What is needed: Pictures excluded, please retype exactly the lines from the start of the data through the line that contains "Mans back on", both ends kept, and nothing beyond them.

Recorded data:
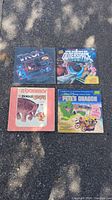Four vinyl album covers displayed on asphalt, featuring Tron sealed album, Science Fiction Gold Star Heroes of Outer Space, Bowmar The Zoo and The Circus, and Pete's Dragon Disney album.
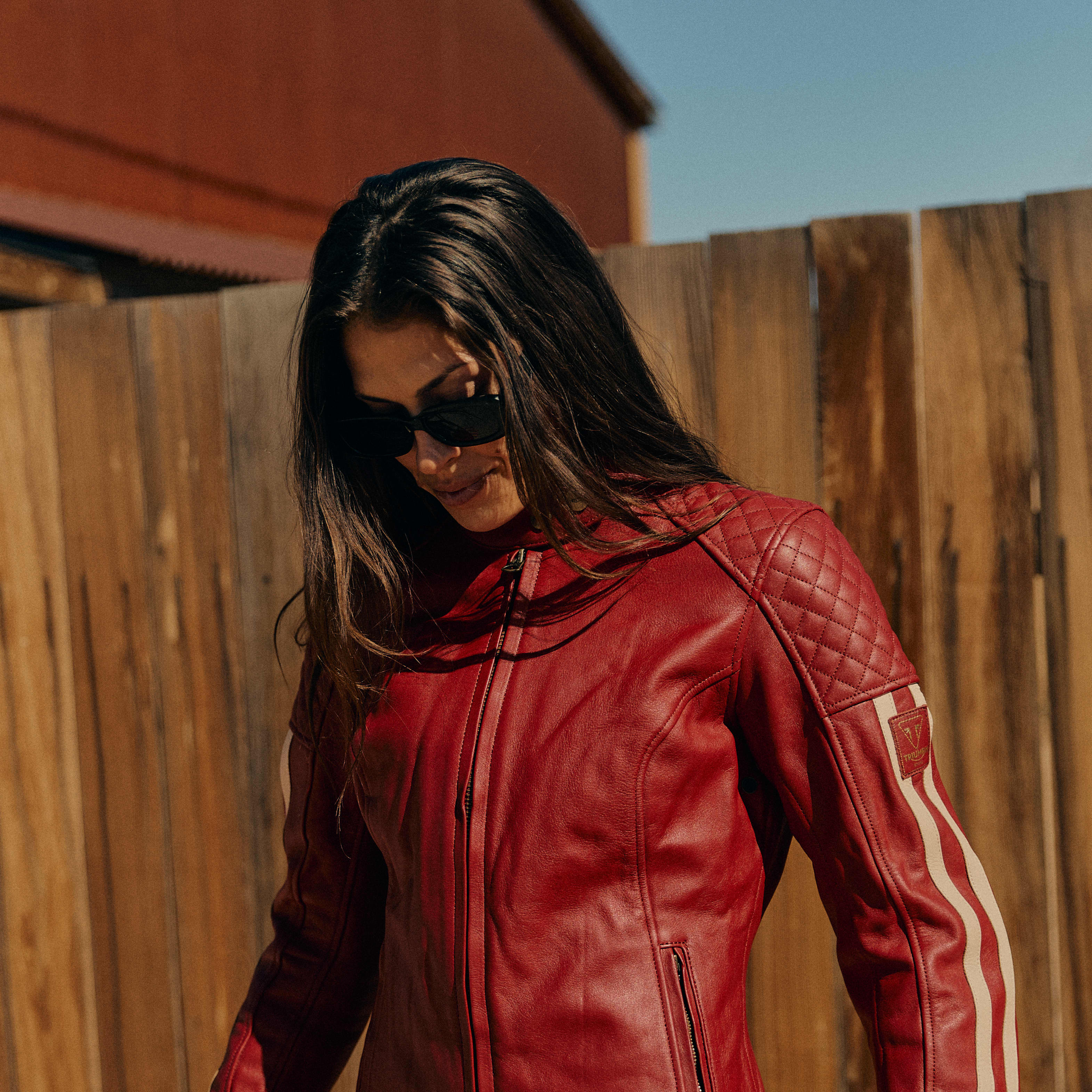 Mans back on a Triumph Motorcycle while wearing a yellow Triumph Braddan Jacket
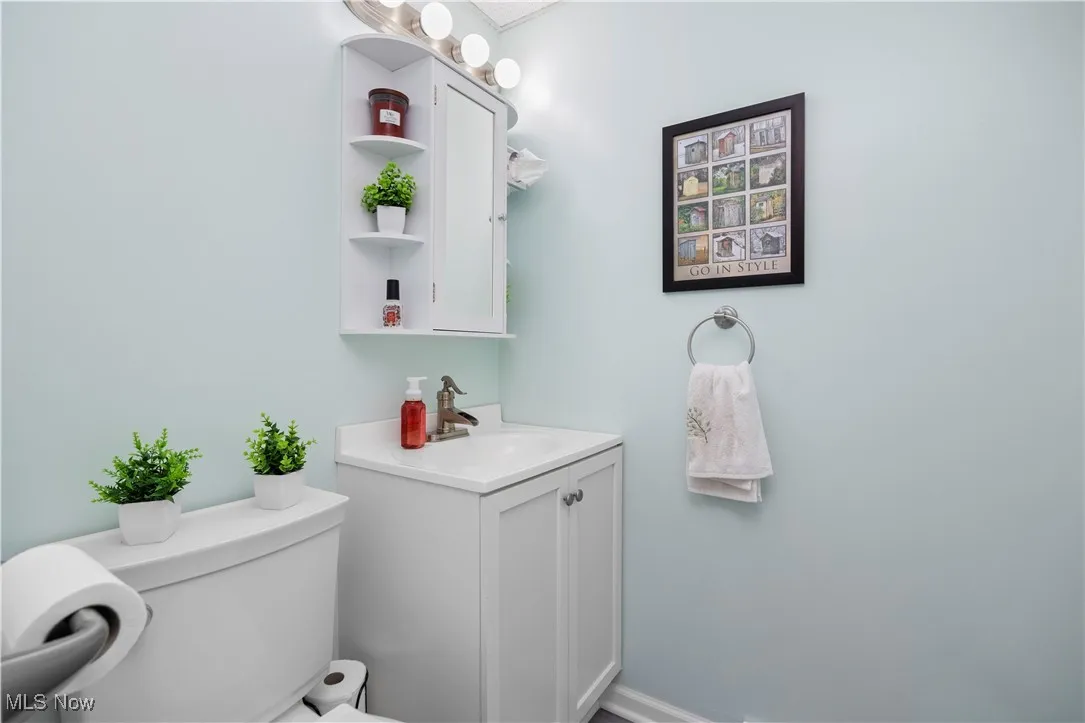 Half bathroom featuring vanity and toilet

Response below:
Four vinyl album covers displayed on asphalt, featuring Tron sealed album, Science Fiction Gold Star Heroes of Outer Space, Bowmar The Zoo and The Circus, and Pete's Dragon Disney album.
 Mans back on a Triumph Motorcycle while wearing a yellow Triumph Braddan Jacket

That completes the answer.